Kontrkandydaci do fotela senatora Illinois – Mark Kirk i Tammy Duckworth chętnie podkreślają podczas kampanii swoje militarne doświadczenia. W wywiadach wielokrotnie opowiadali, że w czasie ataku na World Trade Center przebywali w strategicznie ważnych miejscach. Tymczasem okazuje się, że mijają się z prawdą.
Republikański senator Mark Kirk twierdzi, że 11 września, w momencie uderzenia drugiego samolotu w wieżę World Trade Center był na spotkaniu, które odbywało się w Pentagonie z ówczesnym sekretarzem obrony Donaldem Rumsfeldem.
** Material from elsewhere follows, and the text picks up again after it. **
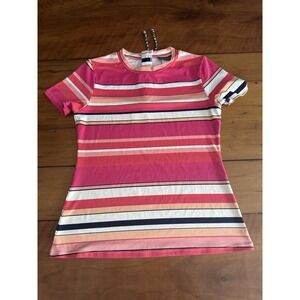 Tommy Bahama Striped Rash‎ Guard Women's Small Pink SPF 50 Sun Protection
Takie spotkanie rzeczywiście miało miejsce, ale wersja senatora jest tylko częściowo prawdziwa. Donald Rumsfeld otrzymał bowiem informację o drugim uderzeniu samolotu na innym spotkaniu, w którym udział wzięli rządowi eksperci od obronności, ale nie było na nim senatora Kirka.
Ubarwioną wersję wydarzeń podaje też demokratyczna rywalka Kirka – Tammy Duckworth. Zdaniem Duckworth, koordynowała ona działania chicagowskiej eskadry śmigłowców bojowych na lotnisku Midway. Demokratka wielokrotnie podkreślała, że jako kobieta pilot była tego dnia gotowa bronić Chicago za sterami śmigłowca Black Hawk. W rzeczywistości 11 września 2001 r. była na wakacjach w Szkocji. W zeszłym tygodniu Duckworth sprostowała swoje stanowisko, mówiąc że rzeczywiście przebywała wtedy poza granicami kraju, ale dowodziła oddziałem przez telefon.